Cheerleaders across the NFL have begun filing suits against their teams and in some cases the NFL, charging an array of offenses including improper working conditions and below-minimum wage payment. Now the NFL has responded to a suit filed by two Oakland Raiderettes cheerleaders, and is declining responsibility for any claims.
The NFL's reasoning follows provisions that prohibit players from bringing antitrust provisions against their teams. The NFL, its attorneys argued in an Alameda County Superior Court filing, is "immune from all state Labor Code provisions," and this is a matter between the team and the Raiderettes alone.
"The NFL is not a party to, and has no authority to enforce the Raiderette Agreement," the NFL's attorneys wrote. "The NFL simply does not belong in this case."
The NFL is not disputing the facts of the case. However, attorneys argued, the NFL cannot be subject to a variety of different state labor codes, since it operates in so many different states. Sports leagues present a "unique" entity, the attorneys contended, and to subject the NFL to a variety of differing and possibly contradictory state legislation would "disrupt and have a significant impact on the whole league fabric, not just on the state's one or two teams."
Naturally, the plaintiffs' attorney termed that strategy a "legal absurdity" with "no logical limit." "If what they say is true, then no employee of any club team is afforded protections," said Drexel Bradshaw of San Francisco's Bradshaw & Associates, which is representing two of the cheerleaders bringing the suit. "That means anyone who is not a player - coaches, custodian, secretaries, groundskeepers, no one would be treated as a legitimate employee."

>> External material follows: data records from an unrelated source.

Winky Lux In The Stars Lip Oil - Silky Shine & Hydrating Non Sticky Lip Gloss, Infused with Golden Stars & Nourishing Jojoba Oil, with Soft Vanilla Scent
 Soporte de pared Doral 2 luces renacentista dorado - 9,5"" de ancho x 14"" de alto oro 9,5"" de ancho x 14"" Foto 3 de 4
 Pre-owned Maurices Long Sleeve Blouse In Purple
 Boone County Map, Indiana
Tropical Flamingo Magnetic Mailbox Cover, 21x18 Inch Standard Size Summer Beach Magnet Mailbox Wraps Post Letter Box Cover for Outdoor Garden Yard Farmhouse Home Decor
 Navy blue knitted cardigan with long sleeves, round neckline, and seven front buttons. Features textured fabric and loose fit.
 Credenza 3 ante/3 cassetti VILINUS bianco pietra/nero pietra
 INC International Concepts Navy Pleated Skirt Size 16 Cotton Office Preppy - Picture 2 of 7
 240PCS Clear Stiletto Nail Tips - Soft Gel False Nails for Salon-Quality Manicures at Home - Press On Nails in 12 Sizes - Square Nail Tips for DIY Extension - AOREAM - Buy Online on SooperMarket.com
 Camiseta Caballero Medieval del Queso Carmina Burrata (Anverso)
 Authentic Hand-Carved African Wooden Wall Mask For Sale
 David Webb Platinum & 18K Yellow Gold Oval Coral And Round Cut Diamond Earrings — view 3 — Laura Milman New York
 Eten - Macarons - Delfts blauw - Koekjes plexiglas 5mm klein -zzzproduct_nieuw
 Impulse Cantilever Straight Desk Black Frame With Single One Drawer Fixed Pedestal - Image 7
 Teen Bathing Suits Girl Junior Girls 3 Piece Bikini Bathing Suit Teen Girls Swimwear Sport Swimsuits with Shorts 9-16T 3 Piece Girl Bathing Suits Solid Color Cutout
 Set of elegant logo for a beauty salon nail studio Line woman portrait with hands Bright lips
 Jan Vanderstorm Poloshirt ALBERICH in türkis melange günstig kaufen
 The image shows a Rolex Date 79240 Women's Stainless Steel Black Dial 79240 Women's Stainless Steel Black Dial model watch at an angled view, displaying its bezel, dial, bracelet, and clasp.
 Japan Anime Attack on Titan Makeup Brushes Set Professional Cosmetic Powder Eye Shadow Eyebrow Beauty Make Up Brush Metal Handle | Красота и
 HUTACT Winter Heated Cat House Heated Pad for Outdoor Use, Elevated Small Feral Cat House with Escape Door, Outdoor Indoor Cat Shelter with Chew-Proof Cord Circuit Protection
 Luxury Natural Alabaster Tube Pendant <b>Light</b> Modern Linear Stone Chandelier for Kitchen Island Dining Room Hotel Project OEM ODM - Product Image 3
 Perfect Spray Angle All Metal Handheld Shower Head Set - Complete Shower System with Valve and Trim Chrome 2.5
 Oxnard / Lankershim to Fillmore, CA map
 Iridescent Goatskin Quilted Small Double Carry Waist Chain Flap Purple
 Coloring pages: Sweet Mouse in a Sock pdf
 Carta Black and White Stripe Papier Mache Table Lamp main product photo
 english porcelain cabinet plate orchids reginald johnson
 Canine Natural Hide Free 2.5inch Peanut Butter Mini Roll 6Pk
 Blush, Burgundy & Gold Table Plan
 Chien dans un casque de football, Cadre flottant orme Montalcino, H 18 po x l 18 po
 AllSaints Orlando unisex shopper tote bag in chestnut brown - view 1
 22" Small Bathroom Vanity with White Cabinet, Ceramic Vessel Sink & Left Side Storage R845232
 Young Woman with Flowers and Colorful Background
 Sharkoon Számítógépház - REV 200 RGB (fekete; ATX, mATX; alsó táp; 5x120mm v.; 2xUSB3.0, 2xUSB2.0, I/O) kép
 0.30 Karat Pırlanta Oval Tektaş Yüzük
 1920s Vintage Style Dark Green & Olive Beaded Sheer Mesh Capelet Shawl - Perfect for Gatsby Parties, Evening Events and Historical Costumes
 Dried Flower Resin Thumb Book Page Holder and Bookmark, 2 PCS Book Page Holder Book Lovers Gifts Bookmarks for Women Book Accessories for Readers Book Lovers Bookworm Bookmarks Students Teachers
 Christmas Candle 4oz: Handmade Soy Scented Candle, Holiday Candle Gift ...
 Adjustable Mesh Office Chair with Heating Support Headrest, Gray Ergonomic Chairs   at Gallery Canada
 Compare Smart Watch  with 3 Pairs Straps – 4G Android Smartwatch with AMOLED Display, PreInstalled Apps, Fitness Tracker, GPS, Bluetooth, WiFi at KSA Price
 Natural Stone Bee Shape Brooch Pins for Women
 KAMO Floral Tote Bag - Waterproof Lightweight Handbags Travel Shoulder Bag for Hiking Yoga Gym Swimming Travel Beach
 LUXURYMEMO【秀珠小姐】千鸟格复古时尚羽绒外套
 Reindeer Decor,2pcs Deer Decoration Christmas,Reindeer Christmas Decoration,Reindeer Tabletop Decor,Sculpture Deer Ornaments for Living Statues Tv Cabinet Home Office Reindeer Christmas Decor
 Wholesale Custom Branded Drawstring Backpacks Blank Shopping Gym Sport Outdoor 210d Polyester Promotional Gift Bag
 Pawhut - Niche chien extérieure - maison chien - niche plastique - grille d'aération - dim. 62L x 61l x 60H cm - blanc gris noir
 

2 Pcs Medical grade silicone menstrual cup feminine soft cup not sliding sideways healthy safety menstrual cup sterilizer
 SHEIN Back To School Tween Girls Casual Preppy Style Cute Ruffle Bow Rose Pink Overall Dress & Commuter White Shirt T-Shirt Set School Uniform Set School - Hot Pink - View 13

"Every employee of the Raiders is entitled to all appropriate protections under California law," countered Debra Fischer, one of the NFL's attorneys, in an email to NBC Bay Area. "The assumption of the plaintiffs' lawyer is that if they cannot successfully sue the NFL, then non-player team employees don't have such protections. Of course they do, from the team. The team is their employer, not the NFL."
There are two different suits involving Raiderettes, claiming that the cheerleaders worked in an environment where they needed to change in public and were subject to groping from inebriated fans. The cheerleaders were paid $125 a game, with no additional compensation. However, as of this season cheerleaders are paid $9 an hour, California's minimum wage, for all hours they work.